[Extracted data entries]
*** Block opens ***

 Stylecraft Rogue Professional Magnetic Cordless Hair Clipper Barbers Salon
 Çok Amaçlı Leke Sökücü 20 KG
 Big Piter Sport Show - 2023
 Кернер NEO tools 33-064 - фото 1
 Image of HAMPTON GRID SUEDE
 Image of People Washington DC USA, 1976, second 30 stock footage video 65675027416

*** Block closes ***
*** Block opens ***

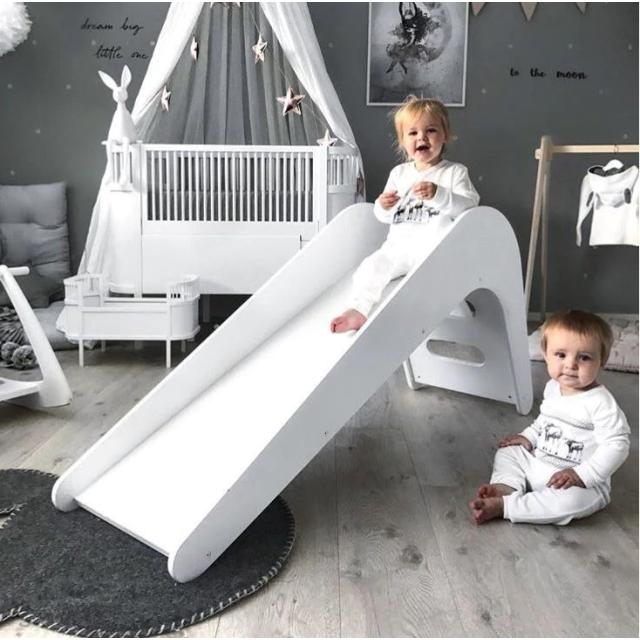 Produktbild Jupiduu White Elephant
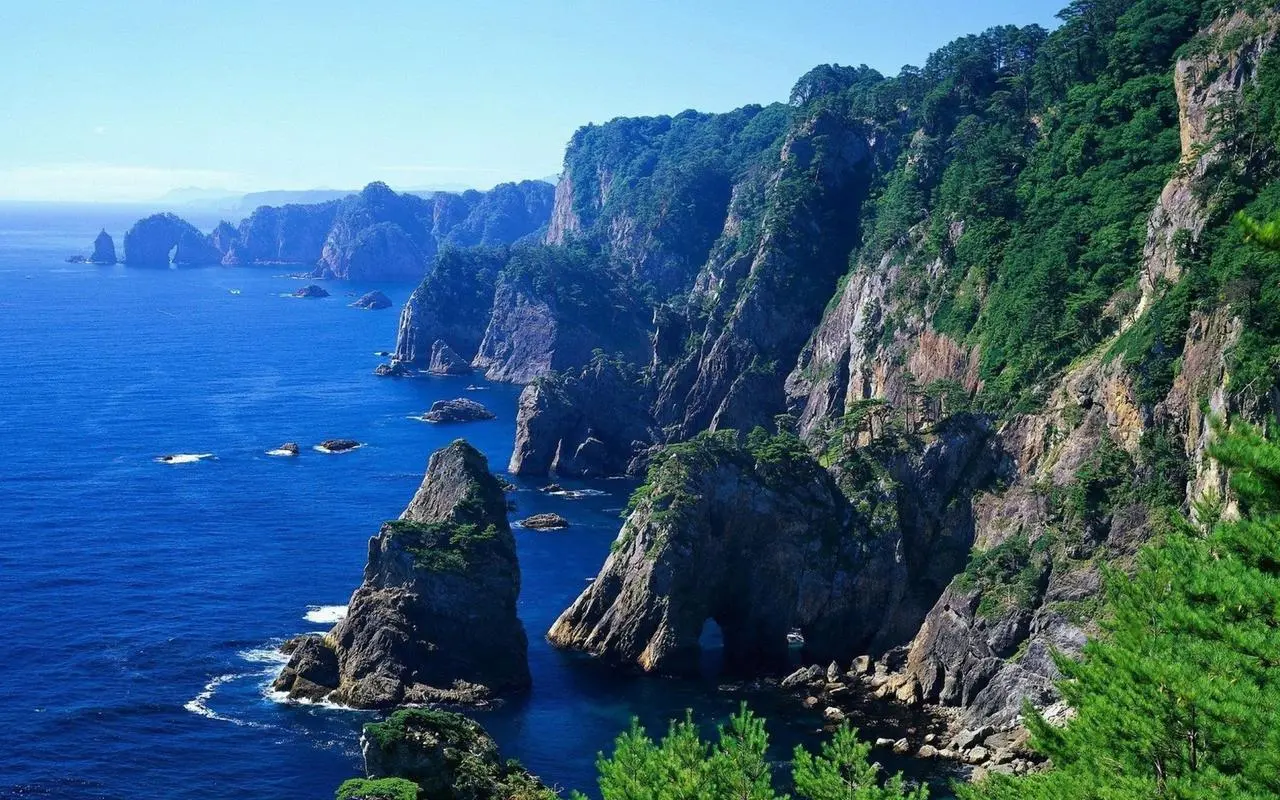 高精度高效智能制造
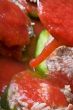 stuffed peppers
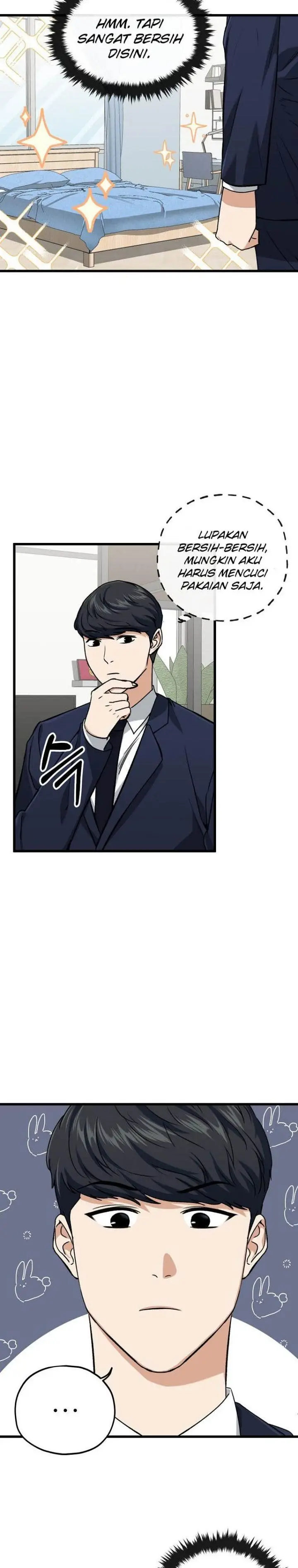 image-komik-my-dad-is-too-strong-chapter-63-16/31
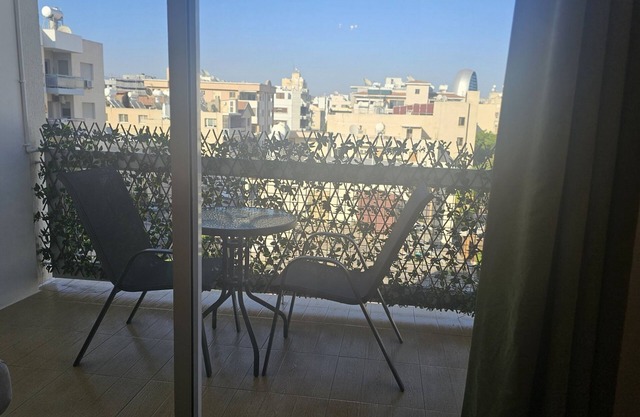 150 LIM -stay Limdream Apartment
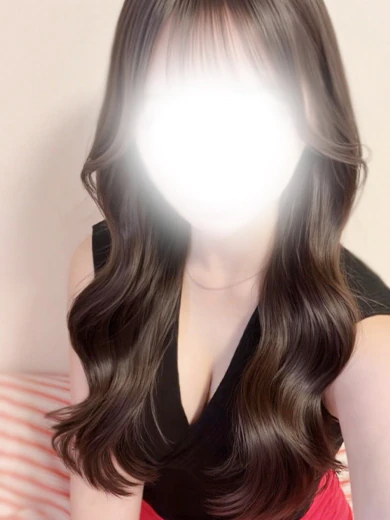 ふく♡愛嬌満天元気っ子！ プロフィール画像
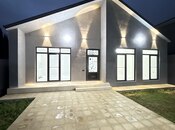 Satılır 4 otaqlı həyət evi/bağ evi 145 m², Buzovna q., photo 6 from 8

*** Block closes ***

EXERCISE INSTRUCTIONS. Would you restate, exactly and with no pictures, the lines of the entries above from the one containing "ふく♡愛嬌満天元気っ子！ プロフィール画像" through the one containing "Satılır 4 otaqlı"?

ANSWER TO THIS TASK.
 ふく♡愛嬌満天元気っ子！ プロフィール画像
 Satılır 4 otaqlı həyət evi/bağ evi 145 m², Buzovna q., photo 6 from 8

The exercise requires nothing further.